The last of the papers disappeared and the Director put his hands back on his desk, interlocking his calloused fingers lightly.
“I am removing you from your position in the Department.”
“But sir—”
“You are now working as my chief investigator. You report to me, and me alone. I want you to use your experience on the Continent to keep things at home under better control. Starting with this Zemus mess. It must be dealt with quickly and quietly. No one but the two of us should hear of it, do you understand me?”
“Yes sir,” nodded Carey, then shuddered. “But sir! Janice knows! What should we—”
“Janice is replacing you as department head, of course. She’s got a good head on her shoulders, I can tell. But even still, what she knows — without the backing evidence — that’s inconsequential. From here on out, these secrets stay between us.”
“Yes sir.”
“Zemus have a new booster coming out in three weeks, and I don’t think anyone could stand the financial or political fallout if it were to be pulled over a scandal.”
“Sir…?”
The Director leaned in close, eyes narrow, his voice so quiet, Carey found himself leaning forward to hear.

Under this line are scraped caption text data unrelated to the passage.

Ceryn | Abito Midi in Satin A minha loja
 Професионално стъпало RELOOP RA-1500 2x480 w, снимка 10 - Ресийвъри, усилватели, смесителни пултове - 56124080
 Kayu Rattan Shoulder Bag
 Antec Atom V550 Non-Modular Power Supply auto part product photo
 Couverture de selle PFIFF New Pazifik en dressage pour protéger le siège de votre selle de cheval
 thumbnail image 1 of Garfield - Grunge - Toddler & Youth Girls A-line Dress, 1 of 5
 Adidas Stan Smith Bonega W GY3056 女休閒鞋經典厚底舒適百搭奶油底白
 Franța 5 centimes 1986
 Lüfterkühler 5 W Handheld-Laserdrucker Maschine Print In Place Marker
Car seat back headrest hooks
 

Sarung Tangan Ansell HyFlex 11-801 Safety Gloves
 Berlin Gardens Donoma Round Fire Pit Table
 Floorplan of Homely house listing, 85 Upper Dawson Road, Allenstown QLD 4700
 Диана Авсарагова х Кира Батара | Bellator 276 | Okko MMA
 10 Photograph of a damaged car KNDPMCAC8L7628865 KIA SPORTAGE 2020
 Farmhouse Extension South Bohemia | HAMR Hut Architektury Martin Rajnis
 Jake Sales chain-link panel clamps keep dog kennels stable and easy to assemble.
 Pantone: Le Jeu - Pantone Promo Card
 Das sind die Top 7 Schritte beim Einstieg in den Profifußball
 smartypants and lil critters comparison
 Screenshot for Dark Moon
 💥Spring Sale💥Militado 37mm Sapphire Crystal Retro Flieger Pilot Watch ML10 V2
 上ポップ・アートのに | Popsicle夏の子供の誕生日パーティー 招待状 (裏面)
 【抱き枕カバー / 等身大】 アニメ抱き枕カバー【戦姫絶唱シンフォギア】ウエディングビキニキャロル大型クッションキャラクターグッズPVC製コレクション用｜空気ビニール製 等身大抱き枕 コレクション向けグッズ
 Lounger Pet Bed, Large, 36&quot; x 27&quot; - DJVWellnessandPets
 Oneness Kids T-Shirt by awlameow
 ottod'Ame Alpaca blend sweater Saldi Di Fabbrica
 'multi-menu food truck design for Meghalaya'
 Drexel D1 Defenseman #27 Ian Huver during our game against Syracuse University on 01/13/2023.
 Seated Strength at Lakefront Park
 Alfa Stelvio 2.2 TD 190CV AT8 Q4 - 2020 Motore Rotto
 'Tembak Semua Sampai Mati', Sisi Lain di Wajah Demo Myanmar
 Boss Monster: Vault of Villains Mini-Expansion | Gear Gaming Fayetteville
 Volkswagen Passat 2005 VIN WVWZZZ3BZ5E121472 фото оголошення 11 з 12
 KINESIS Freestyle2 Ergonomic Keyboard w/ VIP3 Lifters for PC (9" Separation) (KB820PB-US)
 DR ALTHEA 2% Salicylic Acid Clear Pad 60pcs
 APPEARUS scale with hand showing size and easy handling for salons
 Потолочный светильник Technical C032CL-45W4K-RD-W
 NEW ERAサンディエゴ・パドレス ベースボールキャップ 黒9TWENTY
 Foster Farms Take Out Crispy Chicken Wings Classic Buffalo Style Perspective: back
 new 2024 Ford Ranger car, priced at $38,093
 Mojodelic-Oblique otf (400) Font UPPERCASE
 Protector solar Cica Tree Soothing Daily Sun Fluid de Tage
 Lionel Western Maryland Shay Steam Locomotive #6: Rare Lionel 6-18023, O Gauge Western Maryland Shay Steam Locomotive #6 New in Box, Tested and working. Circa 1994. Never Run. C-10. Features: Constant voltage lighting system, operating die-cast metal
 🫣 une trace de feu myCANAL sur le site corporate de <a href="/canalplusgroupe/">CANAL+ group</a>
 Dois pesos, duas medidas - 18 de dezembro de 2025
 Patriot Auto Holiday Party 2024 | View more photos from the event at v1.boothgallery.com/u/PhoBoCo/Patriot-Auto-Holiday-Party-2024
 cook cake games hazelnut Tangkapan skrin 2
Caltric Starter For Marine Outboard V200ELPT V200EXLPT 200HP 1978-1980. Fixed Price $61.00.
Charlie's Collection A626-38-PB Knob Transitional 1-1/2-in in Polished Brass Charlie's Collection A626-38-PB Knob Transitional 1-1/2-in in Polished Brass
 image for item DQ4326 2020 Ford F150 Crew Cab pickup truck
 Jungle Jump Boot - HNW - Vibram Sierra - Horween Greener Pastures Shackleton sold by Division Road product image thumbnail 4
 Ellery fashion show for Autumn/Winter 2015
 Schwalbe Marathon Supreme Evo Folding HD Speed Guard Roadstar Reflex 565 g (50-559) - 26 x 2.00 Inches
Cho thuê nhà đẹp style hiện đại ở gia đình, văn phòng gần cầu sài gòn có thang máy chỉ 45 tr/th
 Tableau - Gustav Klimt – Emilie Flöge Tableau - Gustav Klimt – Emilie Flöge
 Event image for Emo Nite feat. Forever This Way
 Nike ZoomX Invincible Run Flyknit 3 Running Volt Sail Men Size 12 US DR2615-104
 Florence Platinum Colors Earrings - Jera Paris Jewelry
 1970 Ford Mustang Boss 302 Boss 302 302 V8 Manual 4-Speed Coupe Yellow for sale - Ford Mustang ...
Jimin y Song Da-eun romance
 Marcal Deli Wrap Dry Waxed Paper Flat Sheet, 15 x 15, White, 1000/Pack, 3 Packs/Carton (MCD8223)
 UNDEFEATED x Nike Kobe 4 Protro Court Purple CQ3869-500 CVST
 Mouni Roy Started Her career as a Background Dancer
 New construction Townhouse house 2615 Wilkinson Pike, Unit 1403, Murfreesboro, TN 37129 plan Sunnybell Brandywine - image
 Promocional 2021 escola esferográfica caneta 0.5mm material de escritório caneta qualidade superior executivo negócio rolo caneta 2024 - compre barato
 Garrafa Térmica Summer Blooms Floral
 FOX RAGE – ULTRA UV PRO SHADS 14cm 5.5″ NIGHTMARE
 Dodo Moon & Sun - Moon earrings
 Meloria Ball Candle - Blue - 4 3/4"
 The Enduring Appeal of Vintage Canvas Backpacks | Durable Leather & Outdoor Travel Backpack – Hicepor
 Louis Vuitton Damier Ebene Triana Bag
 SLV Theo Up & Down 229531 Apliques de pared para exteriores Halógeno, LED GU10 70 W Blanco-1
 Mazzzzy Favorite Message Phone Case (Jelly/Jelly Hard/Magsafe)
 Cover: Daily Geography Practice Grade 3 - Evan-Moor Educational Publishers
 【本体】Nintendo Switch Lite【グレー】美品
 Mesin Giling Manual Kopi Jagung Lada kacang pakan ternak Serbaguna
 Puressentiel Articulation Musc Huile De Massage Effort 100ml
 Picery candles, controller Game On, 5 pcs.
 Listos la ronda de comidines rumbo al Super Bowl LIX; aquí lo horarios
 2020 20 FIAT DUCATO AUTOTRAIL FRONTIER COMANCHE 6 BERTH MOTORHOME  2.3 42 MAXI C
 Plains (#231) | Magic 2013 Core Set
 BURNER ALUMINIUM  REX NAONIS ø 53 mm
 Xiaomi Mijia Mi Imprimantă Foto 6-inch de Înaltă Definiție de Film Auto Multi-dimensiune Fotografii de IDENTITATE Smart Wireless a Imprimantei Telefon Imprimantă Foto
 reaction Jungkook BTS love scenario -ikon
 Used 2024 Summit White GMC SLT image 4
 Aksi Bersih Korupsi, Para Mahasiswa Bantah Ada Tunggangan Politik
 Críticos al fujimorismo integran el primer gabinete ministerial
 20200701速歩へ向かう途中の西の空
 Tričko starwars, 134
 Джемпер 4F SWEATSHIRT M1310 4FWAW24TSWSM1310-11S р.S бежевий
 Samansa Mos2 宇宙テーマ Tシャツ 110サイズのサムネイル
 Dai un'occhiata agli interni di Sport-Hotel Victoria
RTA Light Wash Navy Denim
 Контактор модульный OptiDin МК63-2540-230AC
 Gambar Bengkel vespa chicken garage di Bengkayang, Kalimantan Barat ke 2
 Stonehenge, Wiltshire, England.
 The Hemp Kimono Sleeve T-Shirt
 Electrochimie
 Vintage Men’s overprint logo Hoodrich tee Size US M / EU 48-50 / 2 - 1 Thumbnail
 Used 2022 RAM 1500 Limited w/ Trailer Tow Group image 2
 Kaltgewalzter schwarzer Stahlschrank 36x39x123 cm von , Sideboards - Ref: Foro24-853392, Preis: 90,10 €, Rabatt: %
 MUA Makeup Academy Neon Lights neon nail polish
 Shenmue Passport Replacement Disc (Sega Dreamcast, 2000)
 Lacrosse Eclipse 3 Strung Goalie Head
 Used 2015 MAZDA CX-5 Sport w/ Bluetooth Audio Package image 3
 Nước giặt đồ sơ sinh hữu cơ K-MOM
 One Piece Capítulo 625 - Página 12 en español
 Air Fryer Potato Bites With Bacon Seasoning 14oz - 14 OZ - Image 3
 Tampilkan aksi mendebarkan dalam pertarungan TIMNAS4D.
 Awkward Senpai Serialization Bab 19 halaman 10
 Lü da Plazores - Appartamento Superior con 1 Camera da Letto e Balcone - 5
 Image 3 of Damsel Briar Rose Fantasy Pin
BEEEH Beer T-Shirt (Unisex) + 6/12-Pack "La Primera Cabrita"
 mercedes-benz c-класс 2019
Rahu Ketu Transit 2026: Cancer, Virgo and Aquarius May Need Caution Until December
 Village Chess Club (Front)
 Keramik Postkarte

“I’ve known this man my entire life. He is a good soul, Will, a very good fellow. And yet…” his gaze shifted, he was looking past Carey, but at nothing, “… yet, I can see this being true. I can see him doing this because he thinks it’s the best way to protect the public.”
Carey nodded.
“But it’s against the law,” said the Director, and Carey stopped nodding abruptly, frowned. “And he has to learn to accept it. So I need you to talk to him, Will, and let him know that we know, and unless he quits now, it’ll only be a matter of time before it gets out. You tell him — not for me, you understand — you tell him that he needs to submit those vaccines for proper testing, and to follow normal procedure from now on.”
Carey nodded weakly, understanding.
“He means well. But one mistake could…” he met Carey’s eyes, and he was sad, sad for his friend and the trouble this would be. “One mistake could gut our country, Will. You have to make him understand.”